The lines below are to be quoted exactly, from the first through the one that contains "傻瓜室内装修设计轻松打造温馨家园".

Exercise material Block Start

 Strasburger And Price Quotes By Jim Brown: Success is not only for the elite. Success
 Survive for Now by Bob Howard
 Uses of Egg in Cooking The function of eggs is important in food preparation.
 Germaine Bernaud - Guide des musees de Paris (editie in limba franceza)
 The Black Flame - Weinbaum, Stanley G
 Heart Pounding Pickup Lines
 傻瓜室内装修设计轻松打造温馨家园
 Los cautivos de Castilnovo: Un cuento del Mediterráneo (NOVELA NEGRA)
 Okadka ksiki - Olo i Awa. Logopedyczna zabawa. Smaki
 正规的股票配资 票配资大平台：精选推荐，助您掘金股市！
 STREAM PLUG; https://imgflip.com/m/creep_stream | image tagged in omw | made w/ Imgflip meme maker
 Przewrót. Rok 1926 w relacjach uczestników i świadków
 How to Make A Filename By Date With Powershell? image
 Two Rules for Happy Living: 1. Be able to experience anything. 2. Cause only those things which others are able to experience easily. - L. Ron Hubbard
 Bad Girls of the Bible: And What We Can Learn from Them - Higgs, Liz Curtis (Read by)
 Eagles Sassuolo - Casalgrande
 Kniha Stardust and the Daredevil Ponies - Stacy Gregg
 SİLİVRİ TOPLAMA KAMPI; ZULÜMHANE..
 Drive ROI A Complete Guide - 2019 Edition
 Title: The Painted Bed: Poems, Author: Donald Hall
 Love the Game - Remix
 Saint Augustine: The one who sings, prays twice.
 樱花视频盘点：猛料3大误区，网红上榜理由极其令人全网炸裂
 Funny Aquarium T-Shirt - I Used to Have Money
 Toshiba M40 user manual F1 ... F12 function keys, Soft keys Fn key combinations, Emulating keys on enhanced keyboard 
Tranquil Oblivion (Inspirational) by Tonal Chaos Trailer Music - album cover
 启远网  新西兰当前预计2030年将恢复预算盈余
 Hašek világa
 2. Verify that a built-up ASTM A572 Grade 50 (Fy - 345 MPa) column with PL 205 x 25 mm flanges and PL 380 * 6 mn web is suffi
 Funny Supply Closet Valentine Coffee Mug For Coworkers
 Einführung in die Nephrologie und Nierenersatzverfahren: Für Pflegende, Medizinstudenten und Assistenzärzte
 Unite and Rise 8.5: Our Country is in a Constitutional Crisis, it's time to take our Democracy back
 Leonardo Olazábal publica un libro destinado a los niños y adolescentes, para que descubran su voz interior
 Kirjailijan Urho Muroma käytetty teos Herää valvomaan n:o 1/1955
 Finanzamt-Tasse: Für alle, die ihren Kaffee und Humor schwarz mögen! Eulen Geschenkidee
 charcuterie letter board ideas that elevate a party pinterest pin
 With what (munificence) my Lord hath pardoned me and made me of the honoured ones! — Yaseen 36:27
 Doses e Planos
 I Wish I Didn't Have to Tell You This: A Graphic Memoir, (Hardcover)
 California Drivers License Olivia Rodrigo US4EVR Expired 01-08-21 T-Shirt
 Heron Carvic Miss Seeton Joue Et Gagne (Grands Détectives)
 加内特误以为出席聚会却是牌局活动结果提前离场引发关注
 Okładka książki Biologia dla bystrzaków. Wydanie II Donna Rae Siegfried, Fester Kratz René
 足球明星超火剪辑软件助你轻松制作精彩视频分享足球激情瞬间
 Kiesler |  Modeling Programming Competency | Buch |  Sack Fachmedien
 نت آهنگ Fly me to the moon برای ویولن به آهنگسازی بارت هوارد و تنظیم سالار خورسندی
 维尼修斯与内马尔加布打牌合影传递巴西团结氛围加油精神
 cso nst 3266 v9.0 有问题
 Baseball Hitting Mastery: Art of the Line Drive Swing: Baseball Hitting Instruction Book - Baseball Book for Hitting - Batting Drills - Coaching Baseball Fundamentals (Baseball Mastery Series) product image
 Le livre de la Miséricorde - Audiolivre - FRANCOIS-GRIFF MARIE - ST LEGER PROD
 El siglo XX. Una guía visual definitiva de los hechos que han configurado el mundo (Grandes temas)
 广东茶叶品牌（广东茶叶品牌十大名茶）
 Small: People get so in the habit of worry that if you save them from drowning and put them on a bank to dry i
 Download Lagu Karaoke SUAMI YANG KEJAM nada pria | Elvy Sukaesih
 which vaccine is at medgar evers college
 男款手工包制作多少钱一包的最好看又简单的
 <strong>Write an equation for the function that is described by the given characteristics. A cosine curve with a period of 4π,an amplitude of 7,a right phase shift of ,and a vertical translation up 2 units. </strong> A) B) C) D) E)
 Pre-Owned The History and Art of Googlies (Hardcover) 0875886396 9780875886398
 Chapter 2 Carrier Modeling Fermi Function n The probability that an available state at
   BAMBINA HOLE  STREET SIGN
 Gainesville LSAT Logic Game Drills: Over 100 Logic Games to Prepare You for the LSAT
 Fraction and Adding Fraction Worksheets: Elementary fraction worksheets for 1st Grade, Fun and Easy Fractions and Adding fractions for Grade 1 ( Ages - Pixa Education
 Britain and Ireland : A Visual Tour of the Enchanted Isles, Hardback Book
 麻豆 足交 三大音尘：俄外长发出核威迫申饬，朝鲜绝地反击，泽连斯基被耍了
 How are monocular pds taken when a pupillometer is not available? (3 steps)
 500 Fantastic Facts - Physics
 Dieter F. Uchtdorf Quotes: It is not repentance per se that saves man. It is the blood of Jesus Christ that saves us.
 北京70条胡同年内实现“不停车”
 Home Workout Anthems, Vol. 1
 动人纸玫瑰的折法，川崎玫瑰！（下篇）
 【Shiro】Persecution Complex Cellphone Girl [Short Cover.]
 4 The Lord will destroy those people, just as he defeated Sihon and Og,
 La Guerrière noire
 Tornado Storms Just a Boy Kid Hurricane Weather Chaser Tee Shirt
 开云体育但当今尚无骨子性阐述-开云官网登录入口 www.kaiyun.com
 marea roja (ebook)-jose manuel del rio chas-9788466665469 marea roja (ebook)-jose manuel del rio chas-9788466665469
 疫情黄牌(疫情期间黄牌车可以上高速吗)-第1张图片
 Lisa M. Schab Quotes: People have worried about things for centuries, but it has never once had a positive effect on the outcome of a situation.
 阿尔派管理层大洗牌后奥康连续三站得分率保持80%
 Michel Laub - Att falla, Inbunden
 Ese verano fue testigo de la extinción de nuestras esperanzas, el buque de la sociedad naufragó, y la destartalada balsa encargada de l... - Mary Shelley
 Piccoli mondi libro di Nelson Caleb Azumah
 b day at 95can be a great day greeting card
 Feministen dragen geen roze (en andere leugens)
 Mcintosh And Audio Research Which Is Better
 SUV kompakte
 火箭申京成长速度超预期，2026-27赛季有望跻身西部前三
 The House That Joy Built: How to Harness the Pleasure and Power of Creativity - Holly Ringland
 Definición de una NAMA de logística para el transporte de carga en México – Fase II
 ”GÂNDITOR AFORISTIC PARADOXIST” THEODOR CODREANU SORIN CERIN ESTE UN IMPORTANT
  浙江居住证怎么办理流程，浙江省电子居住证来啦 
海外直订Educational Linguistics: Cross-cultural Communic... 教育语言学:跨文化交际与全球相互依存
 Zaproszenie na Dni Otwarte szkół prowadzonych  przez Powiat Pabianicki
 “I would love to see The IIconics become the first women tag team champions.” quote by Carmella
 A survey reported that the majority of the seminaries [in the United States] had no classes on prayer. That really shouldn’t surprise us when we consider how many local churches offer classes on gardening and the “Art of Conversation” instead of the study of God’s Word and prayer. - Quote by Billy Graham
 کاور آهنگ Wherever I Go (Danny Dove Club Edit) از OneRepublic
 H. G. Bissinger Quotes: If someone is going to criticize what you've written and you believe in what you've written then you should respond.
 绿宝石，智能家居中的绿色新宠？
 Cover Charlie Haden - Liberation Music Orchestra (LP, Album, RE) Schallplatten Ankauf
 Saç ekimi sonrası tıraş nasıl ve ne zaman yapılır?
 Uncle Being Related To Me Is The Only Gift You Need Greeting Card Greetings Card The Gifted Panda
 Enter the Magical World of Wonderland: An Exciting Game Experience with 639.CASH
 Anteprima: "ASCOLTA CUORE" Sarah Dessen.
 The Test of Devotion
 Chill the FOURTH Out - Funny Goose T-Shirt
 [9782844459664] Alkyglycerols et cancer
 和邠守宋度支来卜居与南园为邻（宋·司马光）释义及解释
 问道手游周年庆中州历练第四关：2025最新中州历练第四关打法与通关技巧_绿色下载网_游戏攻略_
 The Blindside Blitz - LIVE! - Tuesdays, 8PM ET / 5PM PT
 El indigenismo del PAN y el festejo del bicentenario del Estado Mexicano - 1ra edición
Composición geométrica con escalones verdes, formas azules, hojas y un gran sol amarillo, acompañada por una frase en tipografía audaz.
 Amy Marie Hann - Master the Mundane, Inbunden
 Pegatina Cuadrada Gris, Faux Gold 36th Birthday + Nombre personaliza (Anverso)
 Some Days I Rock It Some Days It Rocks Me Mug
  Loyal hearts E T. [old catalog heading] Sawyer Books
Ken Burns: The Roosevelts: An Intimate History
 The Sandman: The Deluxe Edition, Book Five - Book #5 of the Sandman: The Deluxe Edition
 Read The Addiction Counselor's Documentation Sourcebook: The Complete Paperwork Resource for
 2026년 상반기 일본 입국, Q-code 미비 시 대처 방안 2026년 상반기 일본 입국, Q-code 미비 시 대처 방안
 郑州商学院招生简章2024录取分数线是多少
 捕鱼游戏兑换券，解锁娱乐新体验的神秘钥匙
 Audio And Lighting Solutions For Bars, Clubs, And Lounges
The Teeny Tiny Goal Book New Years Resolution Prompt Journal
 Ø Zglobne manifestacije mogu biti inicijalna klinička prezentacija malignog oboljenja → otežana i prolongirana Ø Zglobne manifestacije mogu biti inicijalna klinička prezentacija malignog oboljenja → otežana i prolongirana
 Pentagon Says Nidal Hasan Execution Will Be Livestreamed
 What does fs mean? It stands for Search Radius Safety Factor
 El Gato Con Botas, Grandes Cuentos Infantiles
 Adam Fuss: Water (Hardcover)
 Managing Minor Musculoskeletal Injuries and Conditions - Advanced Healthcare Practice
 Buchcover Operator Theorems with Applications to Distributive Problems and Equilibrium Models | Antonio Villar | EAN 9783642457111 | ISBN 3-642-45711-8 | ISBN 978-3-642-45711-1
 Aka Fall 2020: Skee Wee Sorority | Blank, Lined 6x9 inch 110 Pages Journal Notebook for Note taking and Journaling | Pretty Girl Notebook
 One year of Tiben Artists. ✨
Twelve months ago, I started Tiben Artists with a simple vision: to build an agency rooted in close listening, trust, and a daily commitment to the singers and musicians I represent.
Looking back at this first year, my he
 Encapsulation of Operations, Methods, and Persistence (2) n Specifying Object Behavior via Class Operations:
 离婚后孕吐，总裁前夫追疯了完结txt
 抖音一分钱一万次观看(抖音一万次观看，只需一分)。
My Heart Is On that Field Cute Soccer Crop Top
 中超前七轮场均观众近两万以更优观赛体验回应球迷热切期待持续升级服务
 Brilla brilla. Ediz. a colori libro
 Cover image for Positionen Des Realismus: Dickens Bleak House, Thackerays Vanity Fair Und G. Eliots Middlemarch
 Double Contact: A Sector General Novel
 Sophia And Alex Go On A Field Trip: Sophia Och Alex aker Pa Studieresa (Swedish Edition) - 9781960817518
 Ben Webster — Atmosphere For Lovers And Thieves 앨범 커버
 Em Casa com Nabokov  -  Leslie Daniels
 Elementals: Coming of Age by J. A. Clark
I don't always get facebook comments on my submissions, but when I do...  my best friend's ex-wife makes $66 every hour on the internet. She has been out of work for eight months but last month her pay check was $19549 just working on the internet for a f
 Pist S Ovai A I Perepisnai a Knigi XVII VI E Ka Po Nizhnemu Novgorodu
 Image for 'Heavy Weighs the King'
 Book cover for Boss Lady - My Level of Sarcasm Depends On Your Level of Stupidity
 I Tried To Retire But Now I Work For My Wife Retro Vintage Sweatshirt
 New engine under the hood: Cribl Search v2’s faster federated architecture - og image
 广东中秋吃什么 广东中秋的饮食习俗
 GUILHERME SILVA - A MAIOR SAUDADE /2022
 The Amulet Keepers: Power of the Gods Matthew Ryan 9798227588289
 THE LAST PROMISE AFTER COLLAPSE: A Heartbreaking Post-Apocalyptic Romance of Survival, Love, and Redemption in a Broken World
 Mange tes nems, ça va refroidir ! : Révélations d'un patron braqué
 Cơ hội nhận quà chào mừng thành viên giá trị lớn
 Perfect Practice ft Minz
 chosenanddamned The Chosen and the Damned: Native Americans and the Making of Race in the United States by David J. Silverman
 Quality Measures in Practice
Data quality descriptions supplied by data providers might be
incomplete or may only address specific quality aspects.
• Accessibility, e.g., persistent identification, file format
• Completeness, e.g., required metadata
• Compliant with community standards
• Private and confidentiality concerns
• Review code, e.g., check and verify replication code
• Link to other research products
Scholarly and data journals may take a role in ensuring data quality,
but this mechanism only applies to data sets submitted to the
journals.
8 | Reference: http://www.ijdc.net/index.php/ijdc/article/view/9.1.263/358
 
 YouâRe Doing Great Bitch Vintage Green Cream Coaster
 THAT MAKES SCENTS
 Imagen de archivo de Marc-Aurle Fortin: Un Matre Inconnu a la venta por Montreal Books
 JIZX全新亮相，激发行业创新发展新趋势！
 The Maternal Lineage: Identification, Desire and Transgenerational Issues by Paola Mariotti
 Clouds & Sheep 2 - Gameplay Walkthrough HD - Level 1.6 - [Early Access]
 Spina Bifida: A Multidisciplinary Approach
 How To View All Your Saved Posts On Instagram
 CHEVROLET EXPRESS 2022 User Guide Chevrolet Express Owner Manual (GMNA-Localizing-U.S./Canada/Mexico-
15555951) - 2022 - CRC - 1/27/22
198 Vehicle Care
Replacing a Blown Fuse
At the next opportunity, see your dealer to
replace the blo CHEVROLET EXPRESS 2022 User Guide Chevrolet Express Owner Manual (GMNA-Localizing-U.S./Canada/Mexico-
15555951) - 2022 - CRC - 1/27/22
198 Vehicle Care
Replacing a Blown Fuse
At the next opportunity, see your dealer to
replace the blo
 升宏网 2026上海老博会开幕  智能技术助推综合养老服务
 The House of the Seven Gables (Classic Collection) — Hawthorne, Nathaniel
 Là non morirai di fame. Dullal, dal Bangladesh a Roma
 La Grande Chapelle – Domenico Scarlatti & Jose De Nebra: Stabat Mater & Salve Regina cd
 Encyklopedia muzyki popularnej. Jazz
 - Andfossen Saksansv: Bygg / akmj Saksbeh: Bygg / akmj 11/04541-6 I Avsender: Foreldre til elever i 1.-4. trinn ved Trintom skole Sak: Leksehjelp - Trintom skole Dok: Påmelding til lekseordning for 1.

Exercise material Block End

_Answer space_
 Strasburger And Price Quotes By Jim Brown: Success is not only for the elite. Success
 Survive for Now by Bob Howard
 Uses of Egg in Cooking The function of eggs is important in food preparation.
 Germaine Bernaud - Guide des musees de Paris (editie in limba franceza)
 The Black Flame - Weinbaum, Stanley G
 Heart Pounding Pickup Lines
 傻瓜室内装修设计轻松打造温馨家园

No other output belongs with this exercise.